**ACTION ITEM:** Copy nothing but the lines from the one containing "Fiber Gourmet Low" through the last line of the records, repeated exactly and without pictures.

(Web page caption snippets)
··········

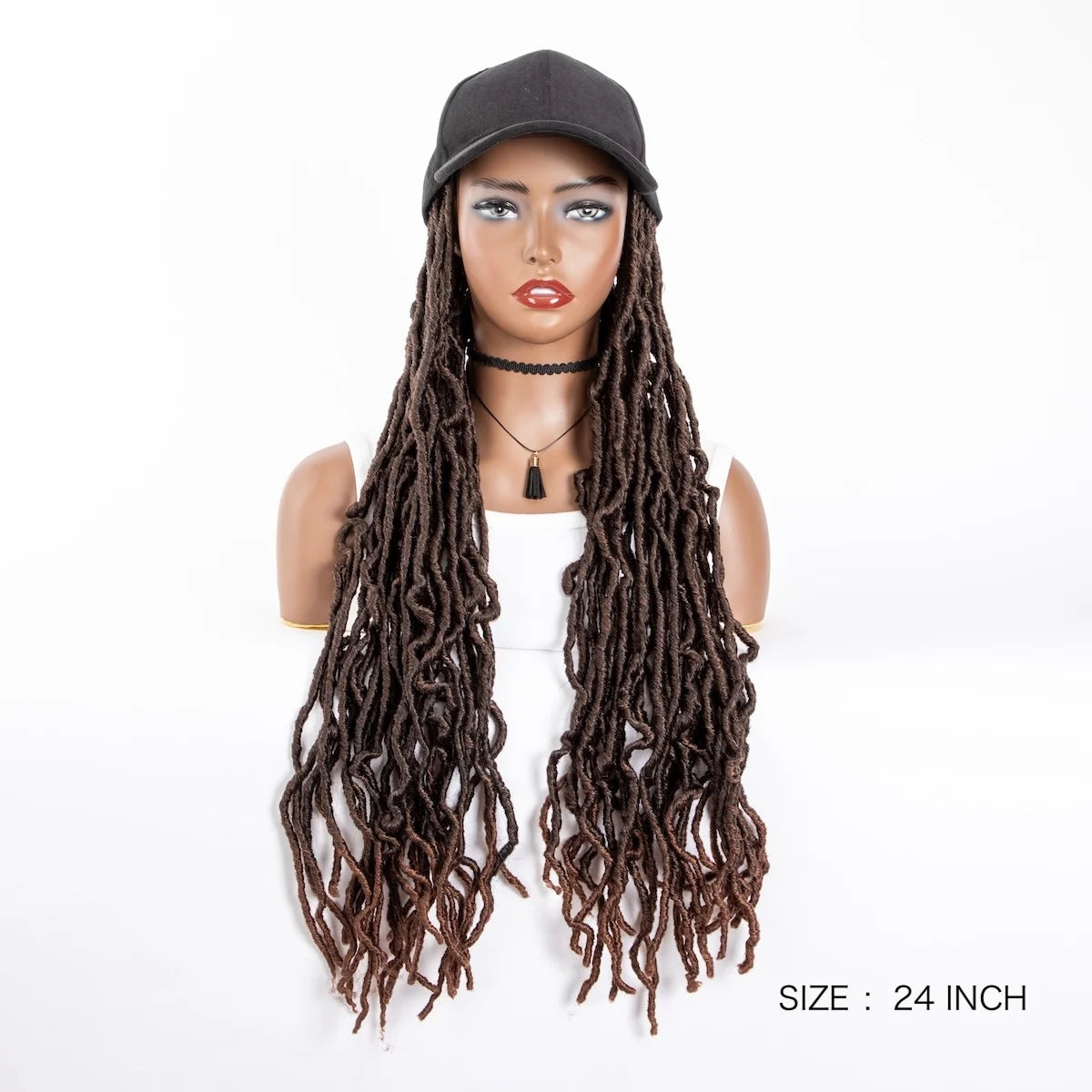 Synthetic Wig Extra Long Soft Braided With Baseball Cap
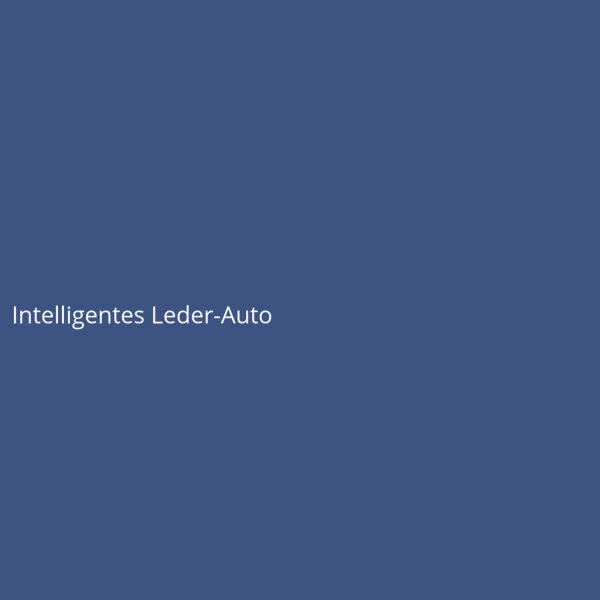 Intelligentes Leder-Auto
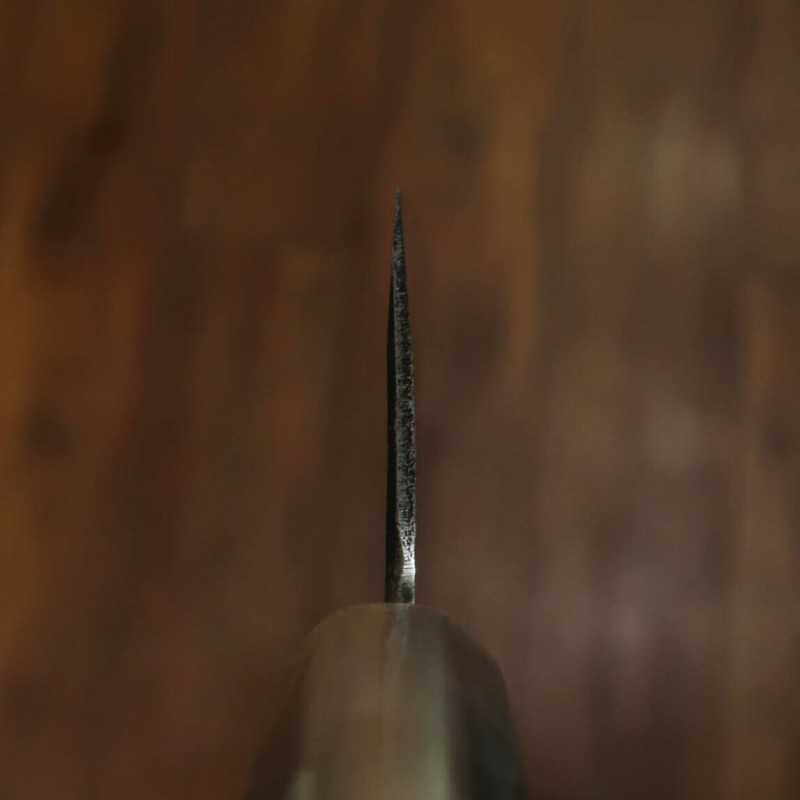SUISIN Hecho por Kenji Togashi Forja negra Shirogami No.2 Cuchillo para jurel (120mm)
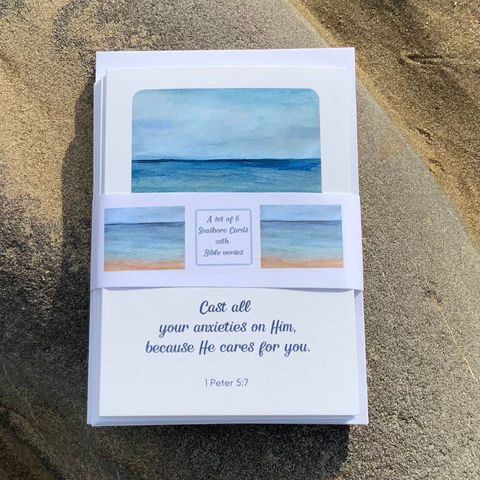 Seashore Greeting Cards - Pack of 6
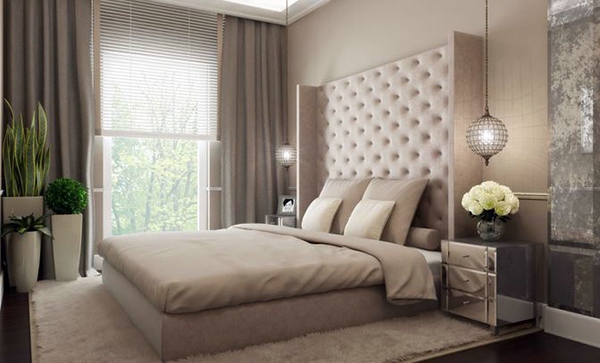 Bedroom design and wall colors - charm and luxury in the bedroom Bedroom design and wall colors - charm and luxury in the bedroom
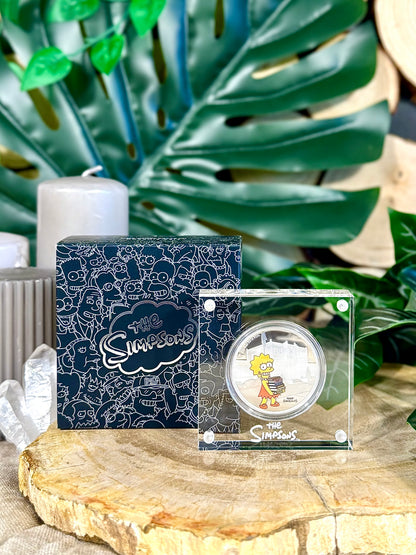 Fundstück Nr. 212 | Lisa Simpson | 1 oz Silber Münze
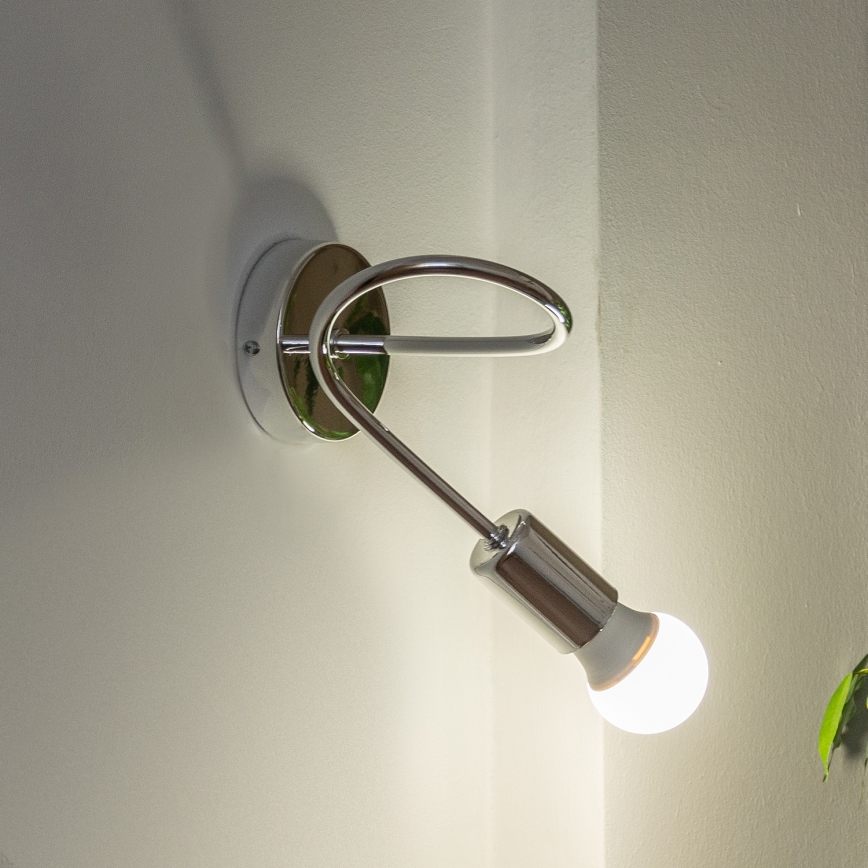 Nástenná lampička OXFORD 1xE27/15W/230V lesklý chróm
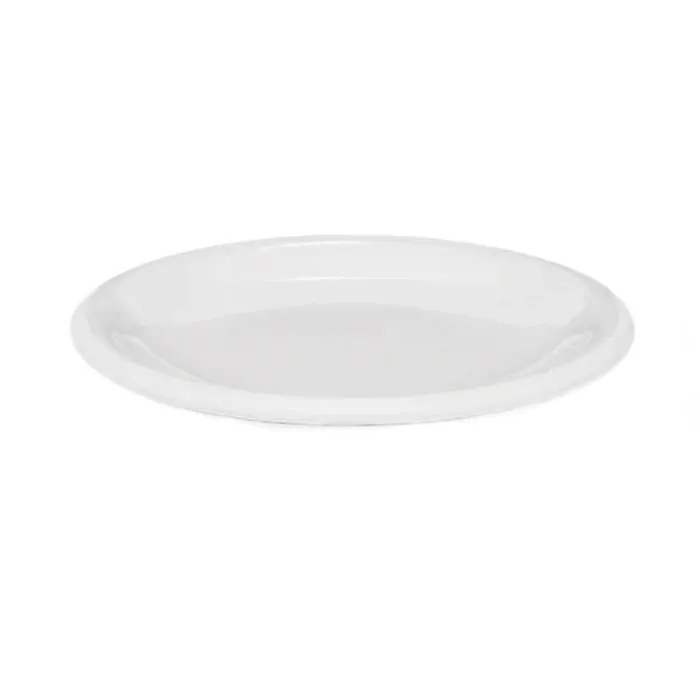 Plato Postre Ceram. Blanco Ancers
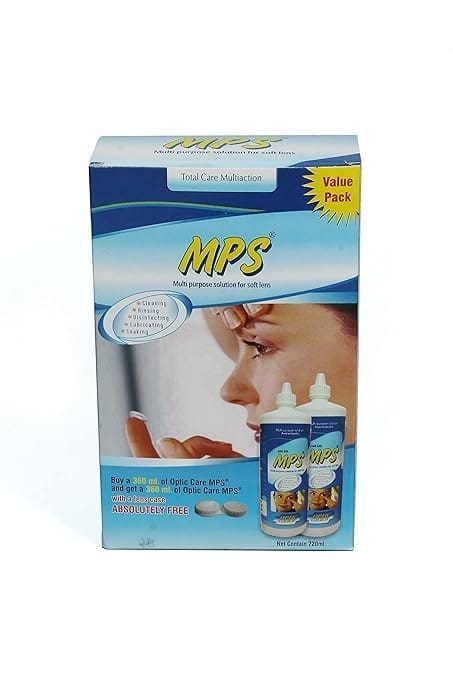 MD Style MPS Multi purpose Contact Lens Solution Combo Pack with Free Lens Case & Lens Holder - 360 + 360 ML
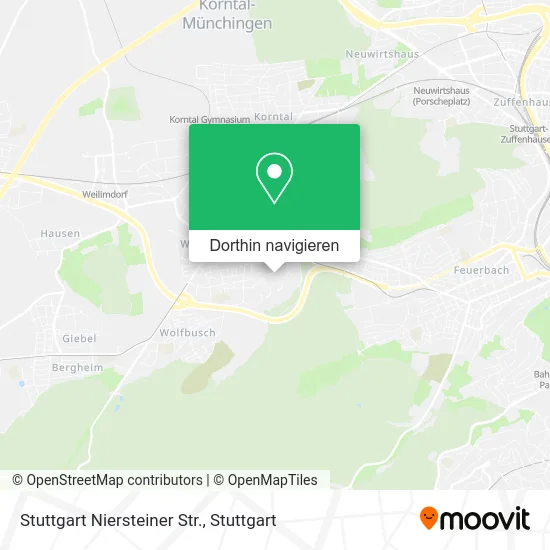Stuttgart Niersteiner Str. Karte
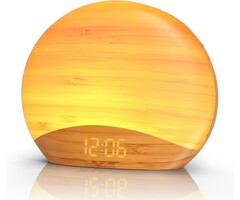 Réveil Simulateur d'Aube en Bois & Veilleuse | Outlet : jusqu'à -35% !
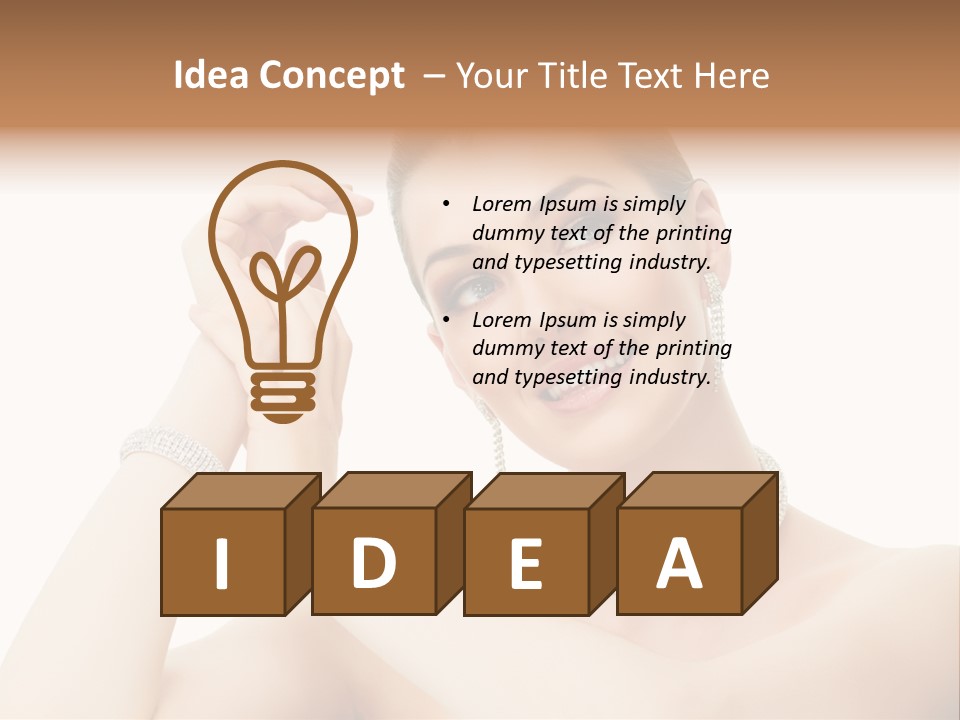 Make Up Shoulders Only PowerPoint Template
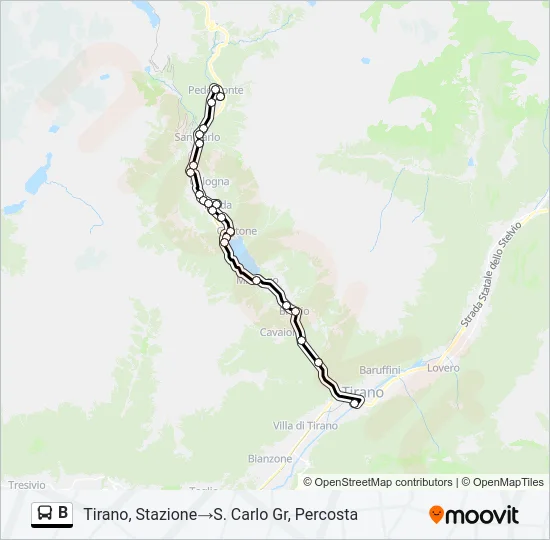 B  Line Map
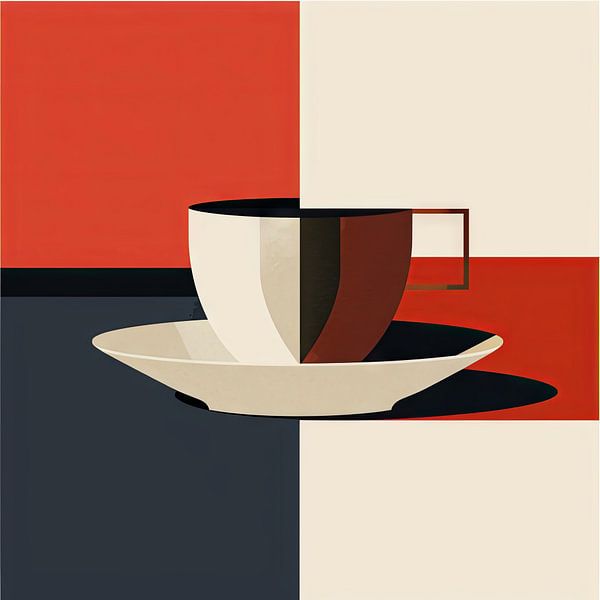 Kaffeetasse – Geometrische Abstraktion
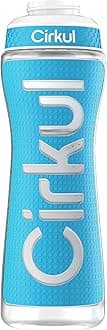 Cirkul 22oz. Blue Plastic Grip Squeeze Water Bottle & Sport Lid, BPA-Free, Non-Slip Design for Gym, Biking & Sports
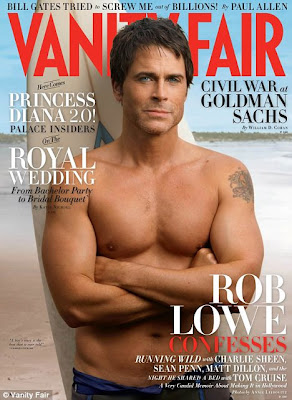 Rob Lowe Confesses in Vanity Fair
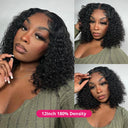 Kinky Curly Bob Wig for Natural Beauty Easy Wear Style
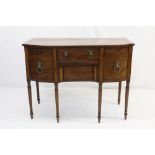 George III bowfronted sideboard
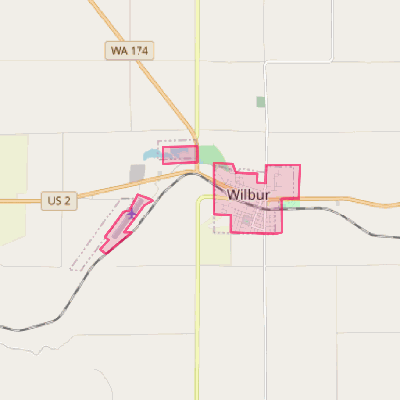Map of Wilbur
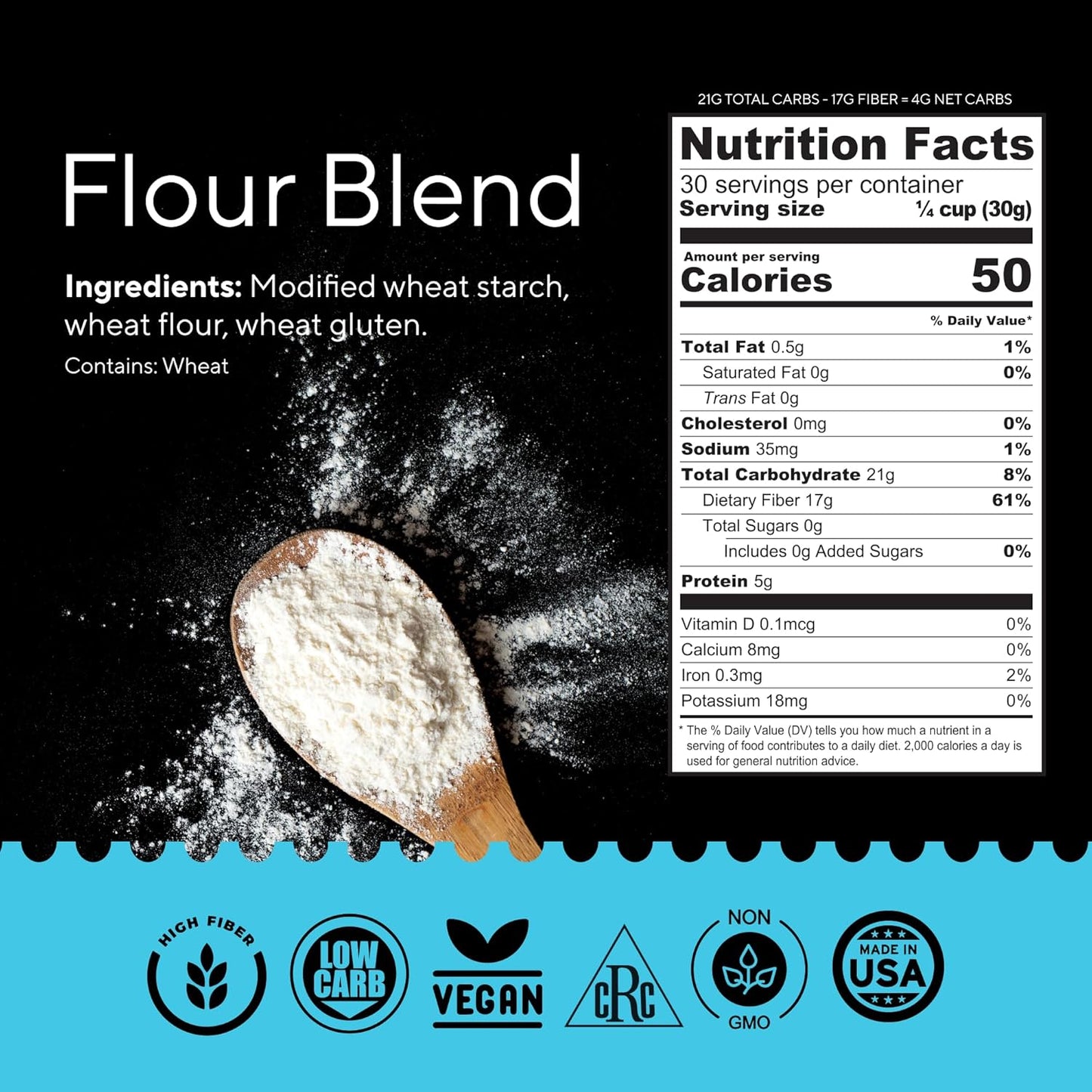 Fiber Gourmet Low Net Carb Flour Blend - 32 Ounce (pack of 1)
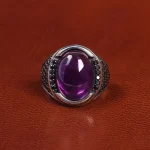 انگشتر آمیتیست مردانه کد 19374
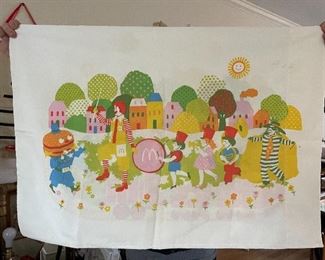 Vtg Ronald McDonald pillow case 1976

··········

**WRITTEN RESPONSE:**
 Fiber Gourmet Low Net Carb Flour Blend - 32 Ounce (pack of 1)
 انگشتر آمیتیست مردانه کد 19374
 Vtg Ronald McDonald pillow case 1976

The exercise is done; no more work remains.